Security Basics mailing list archives

Re: sha-1 cryptography


From: Bennett Todd <bet () rahul net>
Date: Fri, 23 Dec 2005 15:04:49 +0000

2005-12-20T18:37:20 Enquiries:
I understand that SHA-1 cryptography has been broken [...]

It was broken according to part of the strict definition of a crypto
hash: there's an attack that can find a pair of inputs that collide
in something less than order of 2**80 tries. I forget the exact
savings the current attack achieves, but I think it's still big
enough that nobody's demonstrated an actual collision. And if they
do, this only affects some, not all applications.

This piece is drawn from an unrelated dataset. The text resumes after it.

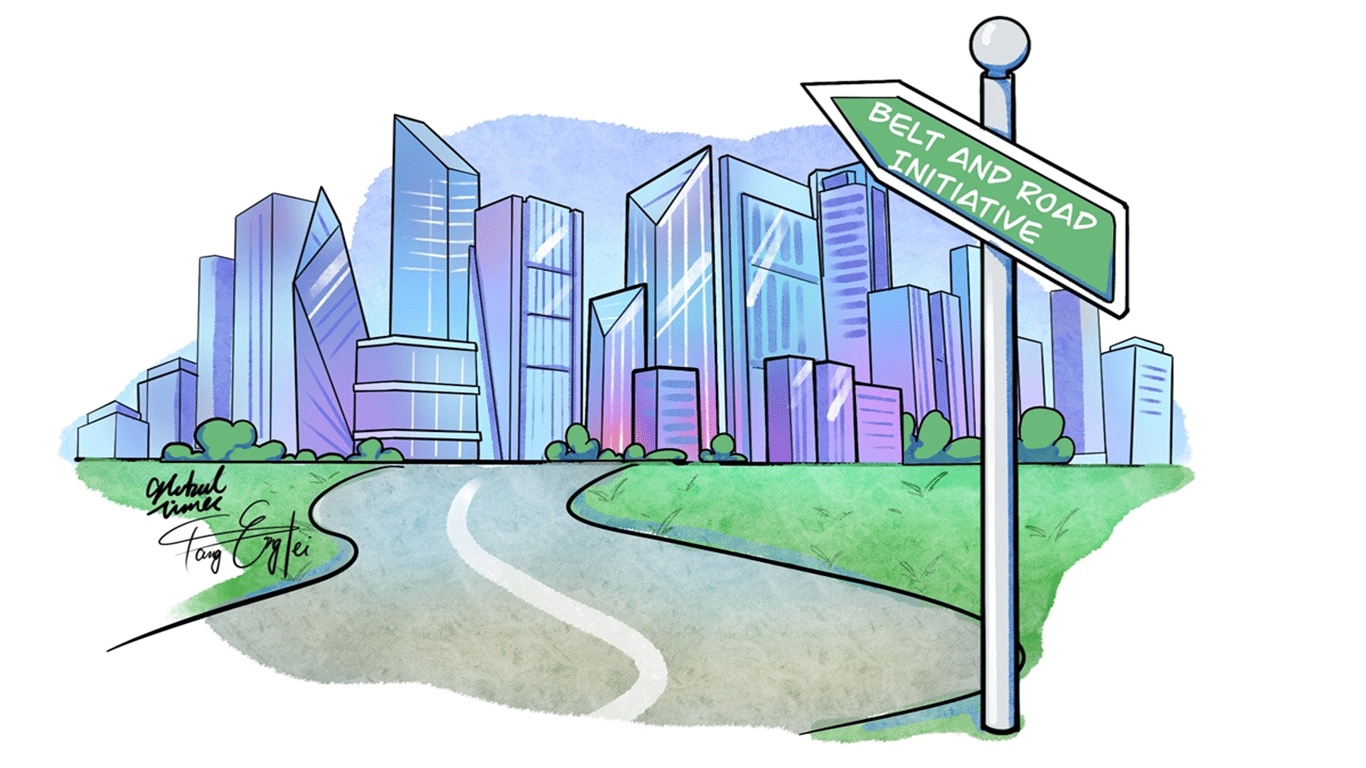 Illustration: Tang Tengfei/Global Times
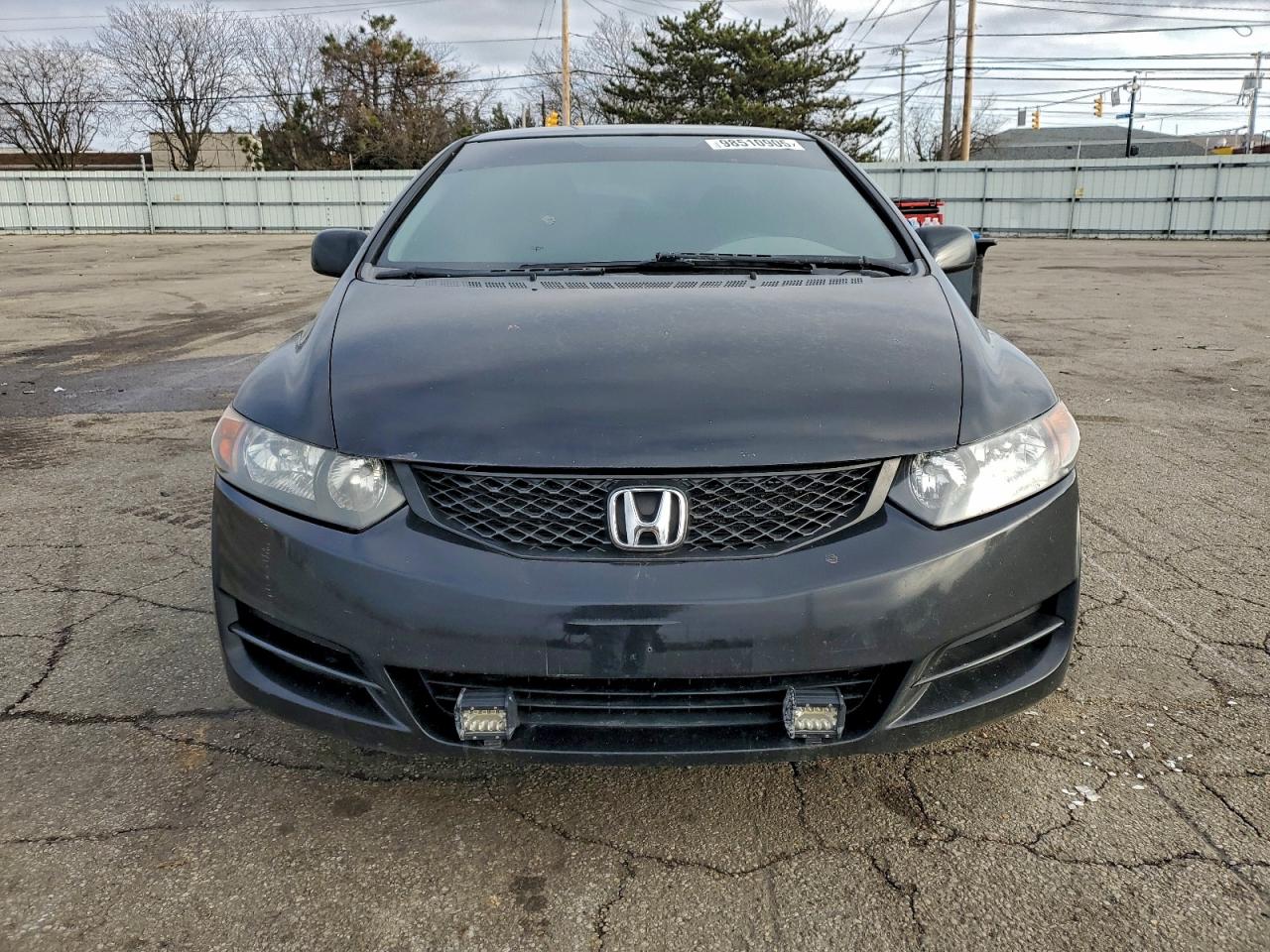 2010 HONDA CIVIC LX photo 5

Current apps using SHA-1 aren't vulnerable, yet. All new protocol
designs should include pluggable hash protocols, to make it easy to
upgrade, and the default for new designs should be one of the SHA-2
family, I'm using SHA-256.

Some constructions are still safe, and expect to remain safe, even
with MD5 for which actual collisions have been demonstrated; e.g.
HMAC isn't busted. And passwd hashing with MD5 isn't busted yet; the
current attacks don't help in finding an input text that matches a
fixed hash, only in finding an arbitrary pair that collide.

But as the saying goes, it never gets harder to bust a
partially-attacked algorithm, only easier.